Although alignment techniques are suitable for the comparison of protein sequences, their application to the analysis of large volumes of data is limited. In this study, we applied the SWeeP method to analyze large numbers of proteome sequences. We compared SWeeP to other methods, and for the first time, automatically constructed phylogenetic trees from complete mitochondrial and bacterial proteomes. We also used SWeeP for machine learning and PCA, showing its effectiveness in these applications.

The SWeeP method enables the rapid and sensitive construction of compact phylogenetic trees. The mitochondrial proteome trees created using SWeeP are currently the most complete trees available, including the supertrees for mitochondrial data. We show that alternative approaches such as SWeeP can be superior to sequence alignment–based techniques. We propose that the SWeeP method is an efficient alternative to sequence comparisons of large datasets. It should be noted that although other alternative sequence comparison techniques exist, sequence alignment is still the preferred method for most biological sequence comparisons. SWeeP is a new, innovative alignment-free method that could supersede the traditional alignment techniques in the comparison of biological sequences.

Vector representation of information is universally used and is well-defined in most areas. We propose this new approach so that available mathematical and computational resources can be extended and applied more easily to the analysis and mining of biological sequences.

Implementation

The SWeeP specific functions used in this study were implemented using the MATLAB programming language. The steps presented in the definition of parameters for study 1 and study 2 were performed on a 40-core Intel Xeon processor with 256 GB of RAM running Ubuntu 16.04.1 LTS. The comparisons with alignment-free methods were performed on an Intel Core i5 processor with 16 GB RAM running Biolinux 8.0 (based on Ubuntu 18.04.01 LTS). The implementation is freely available for both operating systems (see Data Availability). For machine learning tests, we used Weka Software³⁷.

Test set

The mitochondrial protein sequences were obtained from the RefSeq database available at ftp://ftp.ncbi.nlm.nih.gov/refseq/release/. Visualization and manipulation of the phylogenetic trees constructed using SWeeP were performed using Dendroscope 3³⁸.
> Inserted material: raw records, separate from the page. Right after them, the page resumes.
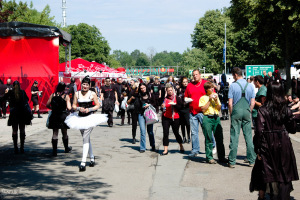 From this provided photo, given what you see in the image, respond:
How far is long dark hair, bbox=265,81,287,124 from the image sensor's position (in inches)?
206

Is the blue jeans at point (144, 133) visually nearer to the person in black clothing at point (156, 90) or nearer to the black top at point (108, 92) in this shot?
the black top at point (108, 92)

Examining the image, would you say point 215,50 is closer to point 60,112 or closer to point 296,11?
point 296,11

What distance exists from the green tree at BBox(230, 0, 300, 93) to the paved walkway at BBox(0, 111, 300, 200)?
58.4 feet

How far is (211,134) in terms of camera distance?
9016mm

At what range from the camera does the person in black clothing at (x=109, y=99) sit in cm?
1664

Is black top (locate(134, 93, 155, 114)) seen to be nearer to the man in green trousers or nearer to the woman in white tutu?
the woman in white tutu

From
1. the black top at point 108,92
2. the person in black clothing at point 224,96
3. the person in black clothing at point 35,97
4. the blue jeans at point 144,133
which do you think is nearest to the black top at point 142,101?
the blue jeans at point 144,133

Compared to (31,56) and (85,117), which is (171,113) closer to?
(85,117)

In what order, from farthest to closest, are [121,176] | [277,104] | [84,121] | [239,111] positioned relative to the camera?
[84,121]
[239,111]
[121,176]
[277,104]

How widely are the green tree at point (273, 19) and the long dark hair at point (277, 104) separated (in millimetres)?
23393

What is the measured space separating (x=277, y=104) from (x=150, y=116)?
5.74m

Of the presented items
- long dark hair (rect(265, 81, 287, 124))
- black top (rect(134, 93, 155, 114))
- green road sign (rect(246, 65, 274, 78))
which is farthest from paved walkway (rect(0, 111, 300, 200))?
green road sign (rect(246, 65, 274, 78))

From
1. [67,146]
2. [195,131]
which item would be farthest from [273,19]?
[67,146]

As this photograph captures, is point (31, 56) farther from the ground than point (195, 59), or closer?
closer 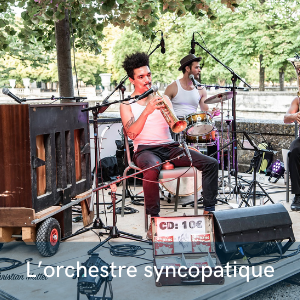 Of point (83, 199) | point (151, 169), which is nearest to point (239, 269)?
point (151, 169)

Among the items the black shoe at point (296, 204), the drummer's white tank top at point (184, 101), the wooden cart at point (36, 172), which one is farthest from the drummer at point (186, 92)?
the wooden cart at point (36, 172)

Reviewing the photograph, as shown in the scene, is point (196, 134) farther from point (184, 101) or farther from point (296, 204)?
point (296, 204)

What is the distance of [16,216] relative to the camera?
353 cm

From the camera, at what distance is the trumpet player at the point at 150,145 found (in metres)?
4.09

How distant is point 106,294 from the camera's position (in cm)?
290

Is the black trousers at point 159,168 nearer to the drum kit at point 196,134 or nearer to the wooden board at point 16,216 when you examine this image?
the drum kit at point 196,134

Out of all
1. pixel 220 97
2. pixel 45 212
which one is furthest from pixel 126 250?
pixel 220 97

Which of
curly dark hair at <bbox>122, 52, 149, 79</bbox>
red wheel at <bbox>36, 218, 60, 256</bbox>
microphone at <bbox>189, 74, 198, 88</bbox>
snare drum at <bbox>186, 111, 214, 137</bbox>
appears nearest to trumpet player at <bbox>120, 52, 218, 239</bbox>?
curly dark hair at <bbox>122, 52, 149, 79</bbox>

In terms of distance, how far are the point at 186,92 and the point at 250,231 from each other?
2.67 metres

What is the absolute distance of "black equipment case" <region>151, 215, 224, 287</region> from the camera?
298 centimetres

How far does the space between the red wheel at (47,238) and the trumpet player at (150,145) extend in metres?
0.83

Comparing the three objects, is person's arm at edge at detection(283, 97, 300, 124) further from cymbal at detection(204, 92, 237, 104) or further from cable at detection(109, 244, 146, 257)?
cable at detection(109, 244, 146, 257)

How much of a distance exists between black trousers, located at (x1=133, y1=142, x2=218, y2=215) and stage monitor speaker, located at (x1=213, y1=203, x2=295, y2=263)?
0.80 metres

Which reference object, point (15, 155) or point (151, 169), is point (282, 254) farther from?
point (15, 155) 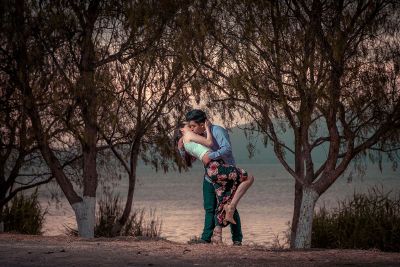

The CDSs of the bacterial genomes used for the graphical representation of the matrix M were obtained from NCBI. The organisms and their respective accession numbers are given in Supplementary Table S4.

Definition of parameters

In this study, a reversible matrix is one where 1 is taken for ε (\(\varepsilon =1\)) and a binary matrix is one where 0 is taken for \((\varepsilon \to 0\)). For all examples and case studies, W (higher-dimensional vectors) were obtained from a binary matrix. This choice is due to the fact that the most relevant metric in this study is computational feasibility (SWeeP’s compression and processing speed) combined with our test findings showing that SWeeP (600 coordinate projection) is highly correlated with W with a rate of 0.98 and p-value < 0.01. The spaced words were selected by applying the “11011” mask in all cases because it is suggested by the literature to be a good choice for proteins²³. Nevertheless, the SWeeP method is adjustable and allows for several projections and multiple k-mers (via the alteration and/or addition of masks), enabling the model to be fitted to the data to be mined^14,15, as increased k-mer size increases computational difficulty.

The best distance metric for mitochondrial proteomes is Euclidean distance, and the 600-coordinate sized projection was chosen for the analysis after manual validation and plot analysis (see Supplementary Fig. S5 and Table S5).